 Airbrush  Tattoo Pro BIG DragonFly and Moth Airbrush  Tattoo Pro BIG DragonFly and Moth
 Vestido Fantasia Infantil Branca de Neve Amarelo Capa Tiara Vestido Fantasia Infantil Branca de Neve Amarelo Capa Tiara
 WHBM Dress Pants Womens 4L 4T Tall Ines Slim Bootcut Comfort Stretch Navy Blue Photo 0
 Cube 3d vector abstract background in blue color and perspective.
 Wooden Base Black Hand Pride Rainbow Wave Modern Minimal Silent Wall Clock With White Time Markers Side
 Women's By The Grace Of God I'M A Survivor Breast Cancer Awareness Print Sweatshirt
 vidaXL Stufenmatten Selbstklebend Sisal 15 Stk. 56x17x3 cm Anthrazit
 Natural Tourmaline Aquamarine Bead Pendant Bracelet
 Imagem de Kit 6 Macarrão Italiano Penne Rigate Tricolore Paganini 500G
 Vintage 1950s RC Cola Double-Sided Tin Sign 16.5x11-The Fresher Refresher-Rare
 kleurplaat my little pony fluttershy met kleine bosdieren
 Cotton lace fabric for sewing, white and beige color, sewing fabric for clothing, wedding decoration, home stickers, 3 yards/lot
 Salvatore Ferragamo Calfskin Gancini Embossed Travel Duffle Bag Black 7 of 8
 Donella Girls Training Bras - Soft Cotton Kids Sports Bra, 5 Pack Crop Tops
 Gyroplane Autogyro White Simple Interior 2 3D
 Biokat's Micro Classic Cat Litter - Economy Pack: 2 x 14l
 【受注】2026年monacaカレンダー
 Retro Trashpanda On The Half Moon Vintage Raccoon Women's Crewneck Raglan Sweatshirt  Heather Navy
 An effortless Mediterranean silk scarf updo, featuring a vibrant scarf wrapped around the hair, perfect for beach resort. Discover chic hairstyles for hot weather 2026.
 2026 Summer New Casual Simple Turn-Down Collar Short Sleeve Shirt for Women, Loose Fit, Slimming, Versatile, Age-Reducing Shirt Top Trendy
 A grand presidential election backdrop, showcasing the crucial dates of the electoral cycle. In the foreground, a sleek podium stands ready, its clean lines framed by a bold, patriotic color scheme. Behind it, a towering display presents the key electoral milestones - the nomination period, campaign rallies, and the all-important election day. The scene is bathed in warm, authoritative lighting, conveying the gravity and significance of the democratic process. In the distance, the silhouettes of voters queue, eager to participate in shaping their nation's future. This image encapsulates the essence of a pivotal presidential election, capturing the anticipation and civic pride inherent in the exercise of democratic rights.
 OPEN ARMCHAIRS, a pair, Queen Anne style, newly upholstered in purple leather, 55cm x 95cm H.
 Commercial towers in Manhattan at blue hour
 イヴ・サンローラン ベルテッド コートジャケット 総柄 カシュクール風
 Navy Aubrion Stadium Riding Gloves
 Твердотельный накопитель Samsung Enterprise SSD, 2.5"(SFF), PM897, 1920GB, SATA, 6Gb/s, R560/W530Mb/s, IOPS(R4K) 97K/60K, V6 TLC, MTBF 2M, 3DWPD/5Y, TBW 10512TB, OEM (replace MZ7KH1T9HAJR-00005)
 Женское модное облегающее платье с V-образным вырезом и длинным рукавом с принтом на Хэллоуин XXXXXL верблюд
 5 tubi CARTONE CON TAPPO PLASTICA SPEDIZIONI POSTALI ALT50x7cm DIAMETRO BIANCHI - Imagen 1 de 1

__What is required__. Above are some lines. Repeat exactly, and only, those from the line that has "WHBM Dress Pants" through the line that has "Cotton lace fabric".

__Result of this task__.
 WHBM Dress Pants Womens 4L 4T Tall Ines Slim Bootcut Comfort Stretch Navy Blue Photo 0
 Cube 3d vector abstract background in blue color and perspective.
 Wooden Base Black Hand Pride Rainbow Wave Modern Minimal Silent Wall Clock With White Time Markers Side
 Women's By The Grace Of God I'M A Survivor Breast Cancer Awareness Print Sweatshirt
 vidaXL Stufenmatten Selbstklebend Sisal 15 Stk. 56x17x3 cm Anthrazit
 Natural Tourmaline Aquamarine Bead Pendant Bracelet
 Imagem de Kit 6 Macarrão Italiano Penne Rigate Tricolore Paganini 500G
 Vintage 1950s RC Cola Double-Sided Tin Sign 16.5x11-The Fresher Refresher-Rare
 kleurplaat my little pony fluttershy met kleine bosdieren
 Cotton lace fabric for sewing, white and beige color, sewing fabric for clothing, wedding decoration, home stickers, 3 yards/lot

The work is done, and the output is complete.